START Material to process

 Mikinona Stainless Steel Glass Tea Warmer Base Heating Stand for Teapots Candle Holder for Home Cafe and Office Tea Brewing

END Material to process
START Material to process

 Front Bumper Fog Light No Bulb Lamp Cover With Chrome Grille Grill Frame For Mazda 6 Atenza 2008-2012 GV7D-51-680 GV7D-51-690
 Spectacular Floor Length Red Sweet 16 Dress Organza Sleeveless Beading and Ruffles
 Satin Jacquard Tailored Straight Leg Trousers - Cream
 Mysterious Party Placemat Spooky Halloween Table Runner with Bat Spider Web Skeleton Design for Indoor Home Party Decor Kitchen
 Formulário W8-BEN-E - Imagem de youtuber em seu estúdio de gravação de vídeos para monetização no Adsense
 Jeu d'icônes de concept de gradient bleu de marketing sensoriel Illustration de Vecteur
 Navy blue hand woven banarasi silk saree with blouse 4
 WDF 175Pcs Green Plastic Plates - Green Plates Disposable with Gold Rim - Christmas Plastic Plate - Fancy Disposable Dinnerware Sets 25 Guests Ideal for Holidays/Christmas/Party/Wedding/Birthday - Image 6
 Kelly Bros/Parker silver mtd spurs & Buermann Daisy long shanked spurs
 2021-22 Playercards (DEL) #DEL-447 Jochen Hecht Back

END Material to process
START Material to process

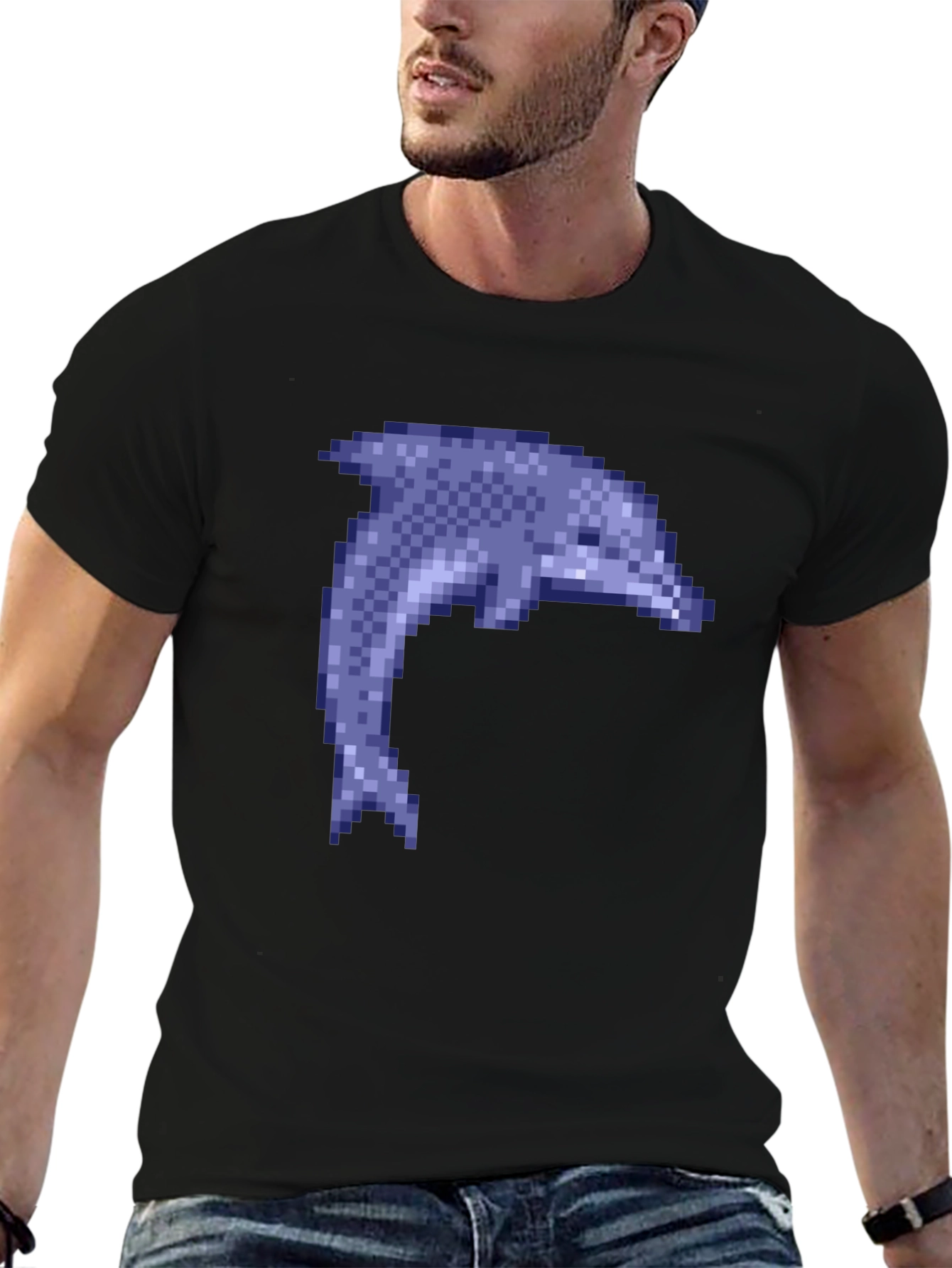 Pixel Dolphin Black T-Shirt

END Material to process

## What to produce
Above are the records. Print exactly, and only, the lines from the line with "Formulário W8-BEN-E - Imagem" to the line with "Navy blue hand", both inclusive.

## Task response
 Formulário W8-BEN-E - Imagem de youtuber em seu estúdio de gravação de vídeos para monetização no Adsense
 Jeu d'icônes de concept de gradient bleu de marketing sensoriel Illustration de Vecteur
 Navy blue hand woven banarasi silk saree with blouse 4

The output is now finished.